Filed by KOSU News in Art & Life.
April 24, 2013

Earlier this month, Morning Edition launched a new food project called Cook Your Cupboard, inspired by a dilemma many of us have faced before: a mysterious food item in the pantry, bought for an unusual recipe or on a whim, that we simply don’t know what to do with. Morning Edition asked listeners to send photos of their baffling ingredients to npr.org/cupboard, where home cooks gave each other many creative recipe suggestions.

Now, British cookbook author Nigella Lawson joins NPR for the first radio segment of Cook Your Cupboard. In each installment, we’ll get chefs and other food experts to give advice to one lucky submitter. First up is Marcy Misner, who lives in Michigan’s Upper Peninsula.

Misner sent in a photo of apple cider vinegar, almond milk and dried red beans, which Lawson calls a “very, very eclectic mix.” Her impulse is not to approach the items separately, but to unite them: “I have been trying to think if there’s anything I could use all three ingredients in,” she says. Her first suggestion: vegetarian chili and cornbread.

“In a huge pan, cook the beans with onions, garlic, red bell peppers, and whatever spicing you like (I tend to go for the coriander [cilantro], cumin, cardamom axis). Add some chopped tomatoes and a tablespoon of cocoa (to give it a bit of bitterness) and cook that for a long time. Top it with cornbread — you can make a buttermilk substitute by adding a teaspoon of cider vinegar to a cup of almond milk and leaving it for five minutes. If the cornbread recipe calls for honey, leave it out, since the almond milk will add a bit of sweetness.”

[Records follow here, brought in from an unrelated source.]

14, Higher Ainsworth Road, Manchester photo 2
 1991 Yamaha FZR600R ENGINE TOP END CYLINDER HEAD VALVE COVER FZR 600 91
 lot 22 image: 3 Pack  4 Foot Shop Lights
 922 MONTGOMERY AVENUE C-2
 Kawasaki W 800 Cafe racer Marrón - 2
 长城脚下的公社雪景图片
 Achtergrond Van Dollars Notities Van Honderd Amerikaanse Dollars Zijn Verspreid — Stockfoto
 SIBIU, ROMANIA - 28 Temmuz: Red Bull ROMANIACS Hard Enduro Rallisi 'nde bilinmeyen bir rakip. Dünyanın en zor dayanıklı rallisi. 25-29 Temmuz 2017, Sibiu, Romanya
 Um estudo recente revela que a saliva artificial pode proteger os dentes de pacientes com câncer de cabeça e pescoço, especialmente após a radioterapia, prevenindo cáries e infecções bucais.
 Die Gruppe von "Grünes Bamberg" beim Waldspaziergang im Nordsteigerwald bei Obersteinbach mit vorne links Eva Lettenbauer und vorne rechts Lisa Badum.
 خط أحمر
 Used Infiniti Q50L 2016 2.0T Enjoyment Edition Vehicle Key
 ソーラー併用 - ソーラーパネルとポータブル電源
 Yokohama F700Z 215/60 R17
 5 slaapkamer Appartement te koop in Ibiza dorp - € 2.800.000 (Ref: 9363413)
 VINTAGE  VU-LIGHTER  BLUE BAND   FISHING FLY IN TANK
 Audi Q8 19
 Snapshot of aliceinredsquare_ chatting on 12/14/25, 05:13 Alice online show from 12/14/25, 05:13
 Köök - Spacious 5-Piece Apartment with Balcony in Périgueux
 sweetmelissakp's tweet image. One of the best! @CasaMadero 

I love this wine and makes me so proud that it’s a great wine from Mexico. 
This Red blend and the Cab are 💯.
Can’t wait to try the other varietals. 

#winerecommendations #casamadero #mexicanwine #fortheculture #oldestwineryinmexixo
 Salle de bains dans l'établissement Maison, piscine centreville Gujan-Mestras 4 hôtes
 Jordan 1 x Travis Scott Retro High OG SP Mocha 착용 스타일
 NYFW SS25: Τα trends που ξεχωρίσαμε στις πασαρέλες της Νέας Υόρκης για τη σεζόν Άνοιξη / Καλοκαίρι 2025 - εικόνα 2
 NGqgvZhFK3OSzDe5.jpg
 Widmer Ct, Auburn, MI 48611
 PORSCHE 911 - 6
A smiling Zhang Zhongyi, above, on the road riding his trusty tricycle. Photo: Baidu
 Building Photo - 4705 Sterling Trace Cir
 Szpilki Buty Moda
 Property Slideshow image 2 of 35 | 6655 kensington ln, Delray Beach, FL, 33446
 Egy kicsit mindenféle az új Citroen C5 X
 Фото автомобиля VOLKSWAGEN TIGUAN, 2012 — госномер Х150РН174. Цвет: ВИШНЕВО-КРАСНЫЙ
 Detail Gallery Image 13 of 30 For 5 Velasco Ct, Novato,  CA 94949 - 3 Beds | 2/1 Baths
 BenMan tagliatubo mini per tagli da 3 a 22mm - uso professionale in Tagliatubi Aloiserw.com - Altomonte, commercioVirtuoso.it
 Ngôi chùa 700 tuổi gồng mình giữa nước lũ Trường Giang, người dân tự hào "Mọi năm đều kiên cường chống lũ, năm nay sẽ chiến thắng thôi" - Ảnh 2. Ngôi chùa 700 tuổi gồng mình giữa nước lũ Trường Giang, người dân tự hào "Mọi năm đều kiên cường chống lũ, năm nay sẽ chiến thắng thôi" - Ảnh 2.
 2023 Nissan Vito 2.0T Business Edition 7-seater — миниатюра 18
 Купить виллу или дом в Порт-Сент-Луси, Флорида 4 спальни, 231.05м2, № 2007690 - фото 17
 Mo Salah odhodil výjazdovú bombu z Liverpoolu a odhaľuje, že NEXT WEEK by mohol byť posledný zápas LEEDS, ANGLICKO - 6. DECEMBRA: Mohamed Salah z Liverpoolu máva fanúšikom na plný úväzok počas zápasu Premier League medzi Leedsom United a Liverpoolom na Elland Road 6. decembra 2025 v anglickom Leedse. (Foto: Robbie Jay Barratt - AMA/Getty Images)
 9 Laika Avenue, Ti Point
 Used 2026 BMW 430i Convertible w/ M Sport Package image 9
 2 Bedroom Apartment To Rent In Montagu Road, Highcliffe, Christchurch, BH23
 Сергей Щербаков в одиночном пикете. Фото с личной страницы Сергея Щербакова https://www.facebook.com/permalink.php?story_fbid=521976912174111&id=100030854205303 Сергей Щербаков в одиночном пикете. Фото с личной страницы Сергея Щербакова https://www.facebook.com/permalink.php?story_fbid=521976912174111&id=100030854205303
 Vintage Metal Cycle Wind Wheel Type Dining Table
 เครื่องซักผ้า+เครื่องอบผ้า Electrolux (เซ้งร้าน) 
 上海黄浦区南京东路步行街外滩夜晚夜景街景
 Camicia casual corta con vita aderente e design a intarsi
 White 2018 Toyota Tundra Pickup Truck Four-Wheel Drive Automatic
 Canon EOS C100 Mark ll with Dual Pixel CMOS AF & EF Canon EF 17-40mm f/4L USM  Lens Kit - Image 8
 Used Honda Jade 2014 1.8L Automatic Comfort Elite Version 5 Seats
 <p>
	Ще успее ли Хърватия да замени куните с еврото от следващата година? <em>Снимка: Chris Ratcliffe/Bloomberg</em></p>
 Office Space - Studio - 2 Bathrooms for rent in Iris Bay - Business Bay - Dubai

Lawson recommends using the cornbread as a topping rather than a side dish, for a simple reason: “Anything that’s in one pot reduces the washing up.”

Looking at just the almond milk and vinegar, Lawson recommended a breakfast dish: almond-milk pancakes. But she noted that cooks used to working with regular milk need to be careful when substituting almond milk.

“You could make really exquisite and healthful pancakes. If you have some overripe bananas, chop them up and mix a teeny bit of cider vinegar, some almond milk (use less almond milk than you would regular milk, since it’s a bit more watery), some flour and an egg, and you’ve got some low-GI breakfast pancakes.”

Turning back to the beans, Lawson was inspired by a traditional American dish, corn chow chow, and thought that red beans could be turned into a similar sort of relish.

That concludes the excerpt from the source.